A sindicância foi aberta em agosto de 2025 e corre paralelamente à investigação do Gaeco.

Como deveria ter sido

  • Identificação e guarda: Corpos sem identificação são recolhidos pelo IML (Instituto Médico Legal), onde são submetidos à necropsia e coleta de impressões digitais. O IML comunica o caso à prefeitura, que deve manter o corpo por até 15 dias aguardando reconhecimento familiar;
  • Autorização para sepultamento: Após o prazo, o corpo é encaminhado ao Serviço Funerário Municipal, mediante autorização formal com número de registro, local de destino e lacre do caixão. Os dados devem ser cruzados entre o IML, o serviço funerário e o cartório de registro civil;
  • Sepultamento público: O sepultamento ocorre em cemitério municipal, com registro nominal ou de “indigente masculino/feminino”, acompanhado de protocolo e mapa de quadra e jazigo.

Onde o sistema falhou

  • O corpo foi liberado sem protocolo formal, usando cadastro que foi posteriormente excluído.
  • O IML não recebeu aviso de destinação.
  • O cartório recebeu certidão com selo digital falso.
  • O enterro foi registrado em cemitério inexistente.
  • O resultado foi a criação de um óbito oficial sem corpo identificado e um enterro fictício com corpo verdadeiro — combinação que burlou todos os controles legais.

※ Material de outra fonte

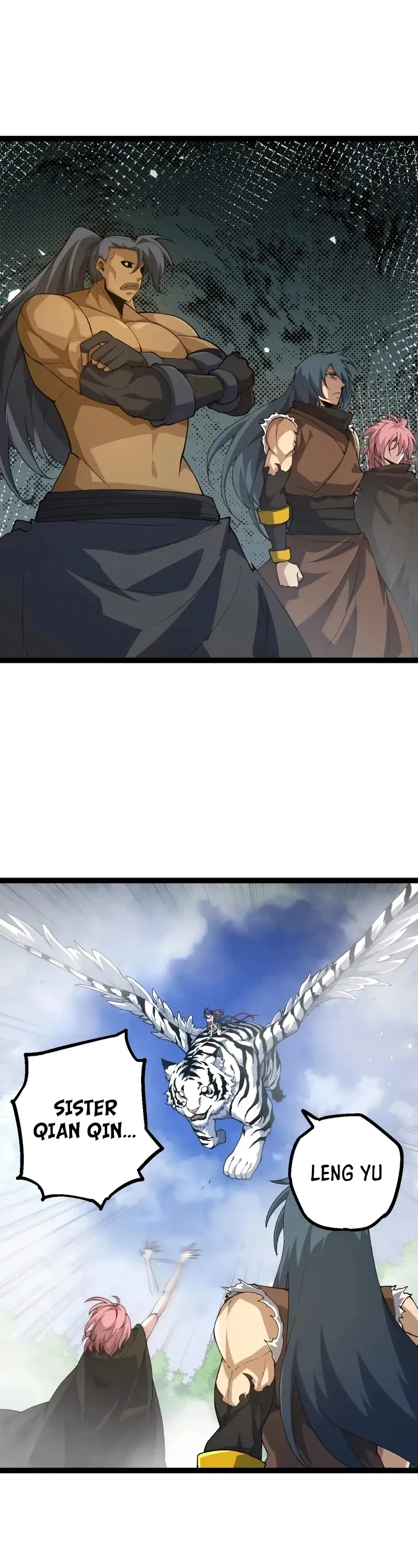Evolution Begins With a Big Tree Chapter 174 page 10 - Chapter 174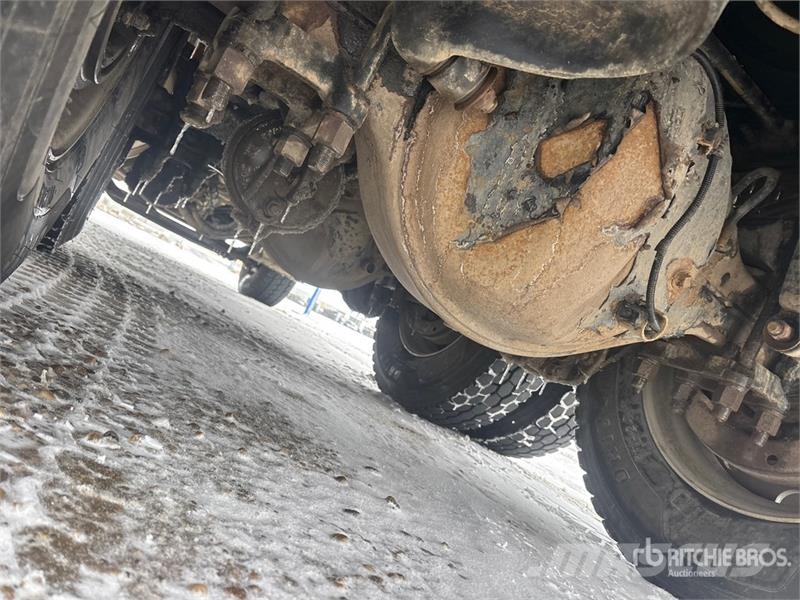 Peterbilt 377 Damperli kamyonlar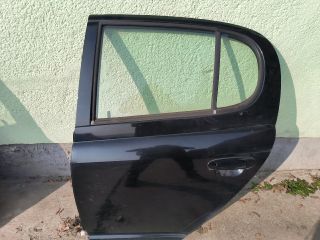 bontott TOYOTA YARIS Bal hátsó Ajtó (Üres lemez)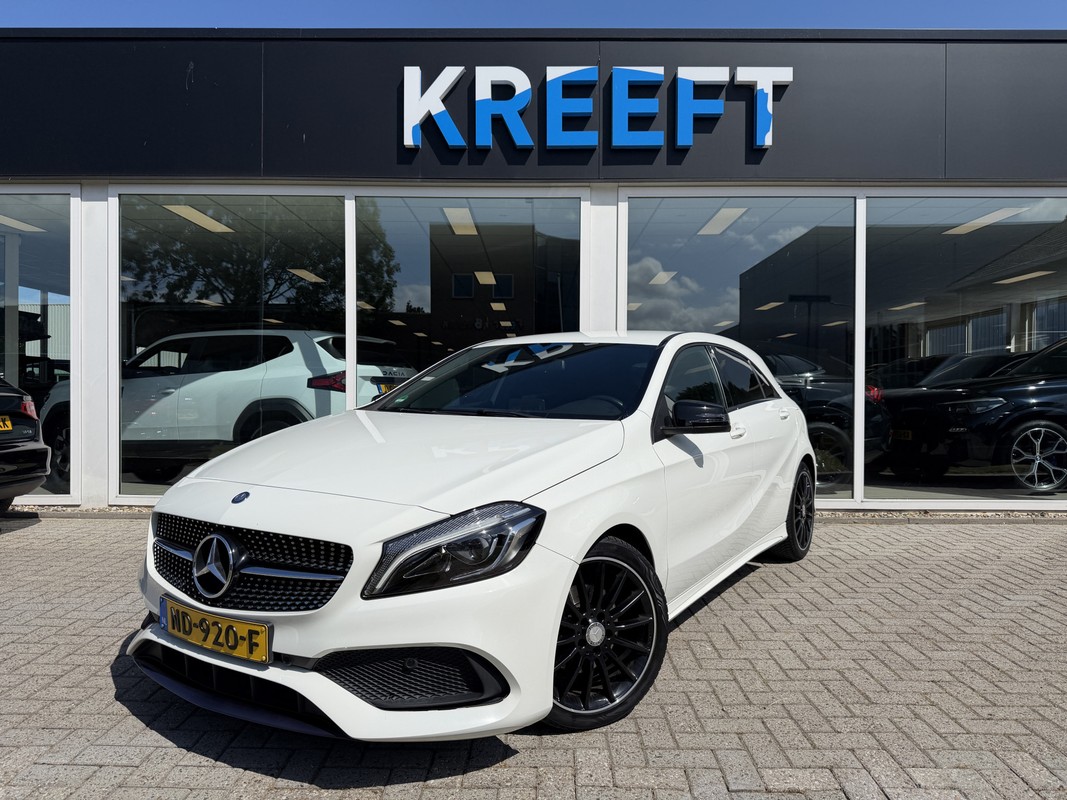 Mercedes-Benz A-Klasse
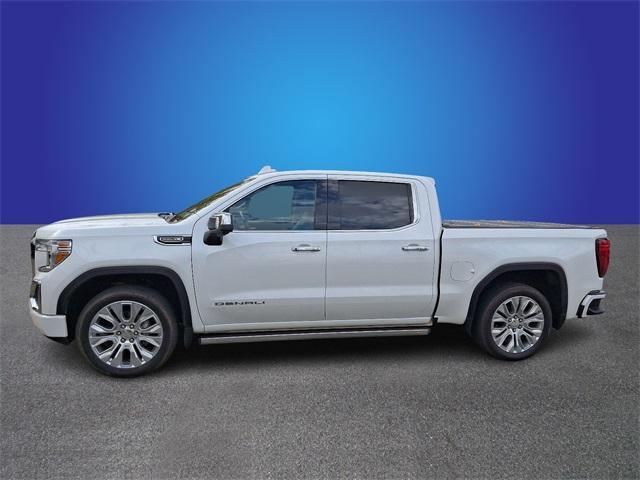 used 2020 GMC Sierra 1500 car, priced at $46,988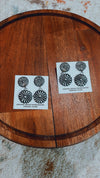 Santo Earrings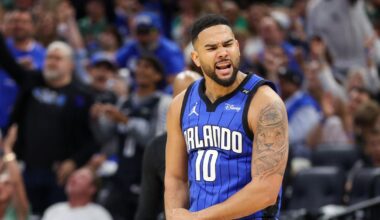 Magic Cut Ties with Two Veterans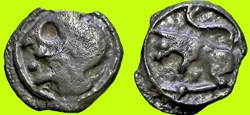 potin à la tête diabolique - cl 5 var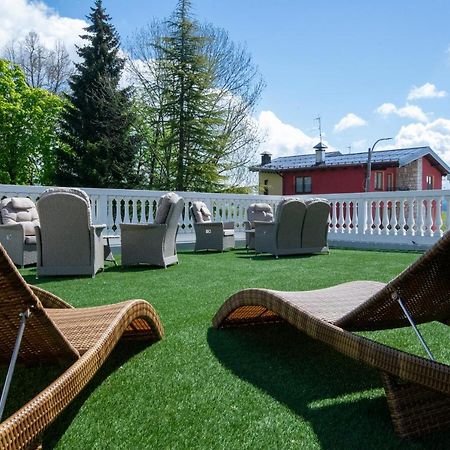 Villa Ciardi Wellness Hotel & Ristorante Asiago Extérieur photo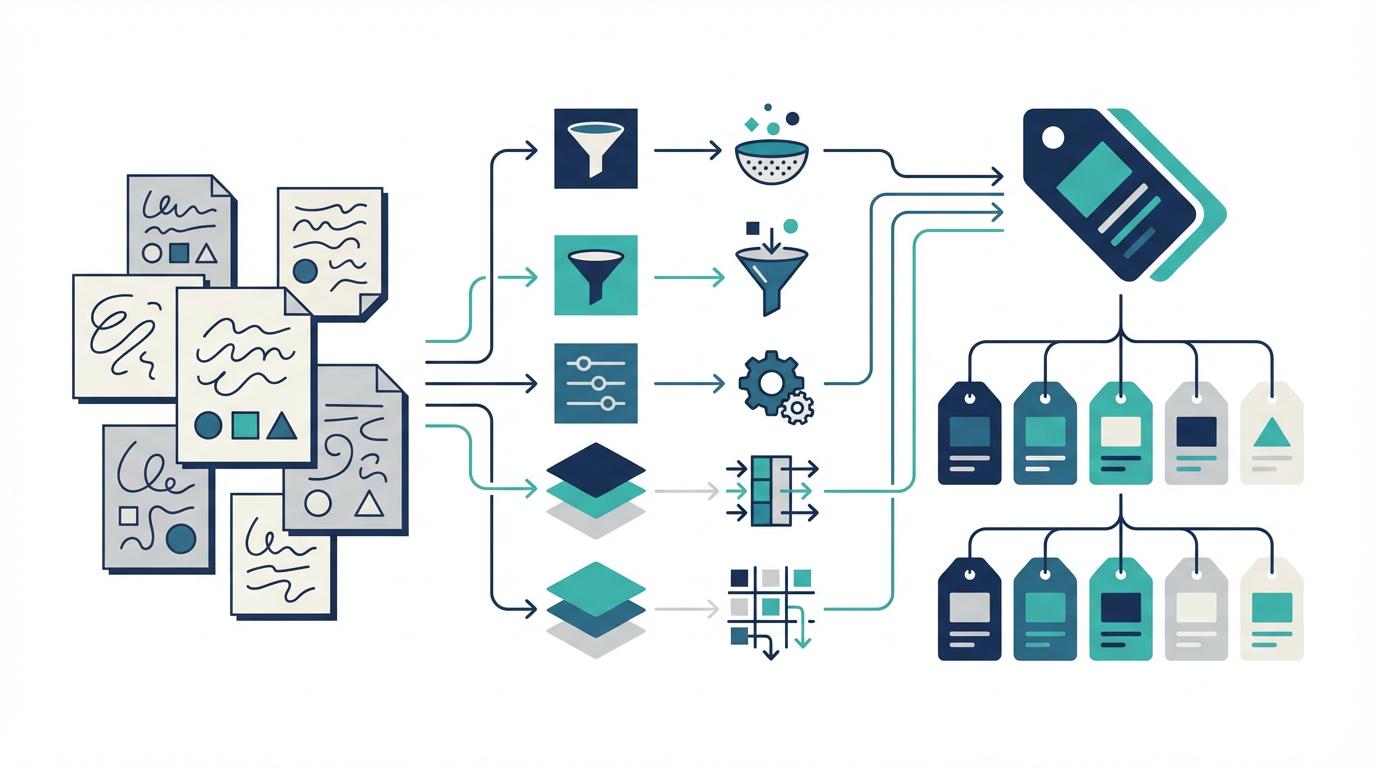 失注理由タグ設計にAIをどう使う？CRMで学習できる分類ルールの作り方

Um morto sem nome para um vivo com culpa

Para o Ministério Público, o caso simboliza “a degradação do controle público sobre a morte”. O promotor Pinheiro resumiu, em petição recente, que “enquanto o verdadeiro morto é apagado dos registros, o criminoso se faz morrer para apagar seus crimes. O Estado, nesse caso, foi cúmplice por omissão”.

Em 24 de junho de 2025, Guerrero se entregou à polícia no 1º Distrito Policial de Guarulhos. A Secretaria da Segurança Pública (SSP) confirmou na ocasião que ele compareceu à delegacia acompanhado de advogado, permanecendo à disposição da Justiça. Sua captura se deu após novo mandado de prisão decretado pelo Judiciário paulista, por força da descoberta da fraude da morte.

A investigação agora tenta descobrir quem foi o homem enterrado em seu lugar  e quem ajudou a sepultá-lo.